Yann Martel caused a literary sensation after Life of Pi was published in 2001. Despite being rejected by five publishers, it was picked up by Knopf Canada and won the Man Booker Prize a year later. The tale of an Indian boy who becomes stranded in a lifeboat with a Bengal tiger went on to sell more than seven million copies and was translated into 42 languages. Lee, whose work includes Brokeback Mountain and Sense and Sensibility, said: "Cinematically speaking, it was the most difficult movie I ever made".

Critic Roger Ebert has called the film a "miraculous achievement of storytelling and a landmark of visual mastery" while another critic suggested that Lee's adaptation means nothing is unfilmable anymore. The dazzling effects look to be a strong contender for an Oscar. Here is how they turned some of Martel's text into visuals.

1. "I saw a sight that will stay with me for the rest of my days. Richard Parker had risen and emerged. He was not 15ft from me. Oh, the size of him! "

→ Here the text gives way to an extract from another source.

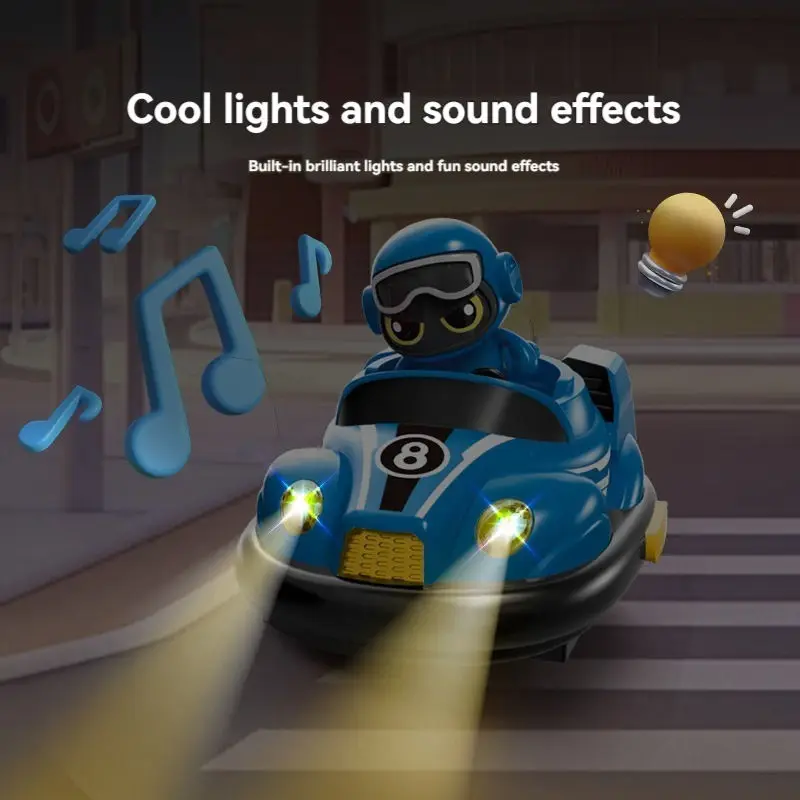 New Electric Road Rage Rc Speed 2 Player Mini RC Head Battle Bumper Car Toy Remote Control Ejector Set For Kids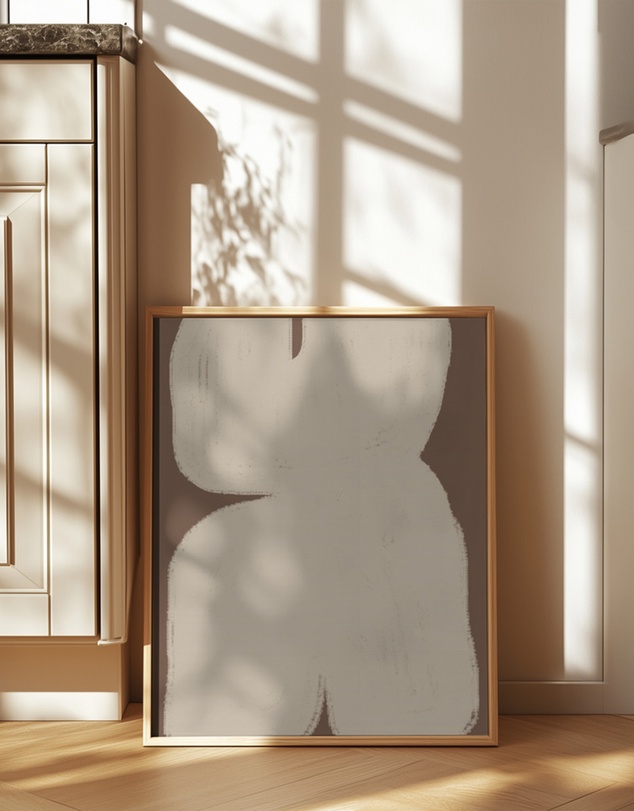 Olive et Oriel - Shape Geometric Art by The Miuus Studio Art Print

Suraj Sharma, who played Pi, was not required to act in a lifeboat opposite an adult Bengal tiger. The film-makers had four tigers to serve as references for Richard Parker, and while some shots were of the real beasts, most were digital with the images stitched together in post-production.

The process was overseen by the effects whiz behind The Chronicles of Narnia: The Lion, the Witch and the Wardrobe.

Sharma won the role by accident, after accompanying his brother who was preparing to read for the part. He was hired after 3,000 auditioned.

2. "You must imagine a hot and humid place, bathed in sunshine and bright colours. The riot of flowers is incessant. There are trees, shrubs and climbing plants in profusion."

Pi tells the story of his early life in India, where he lives in his family's zoo and during the passages explores the world's three major religions – Christianity, Islam and Hinduism – and decides to follow all three.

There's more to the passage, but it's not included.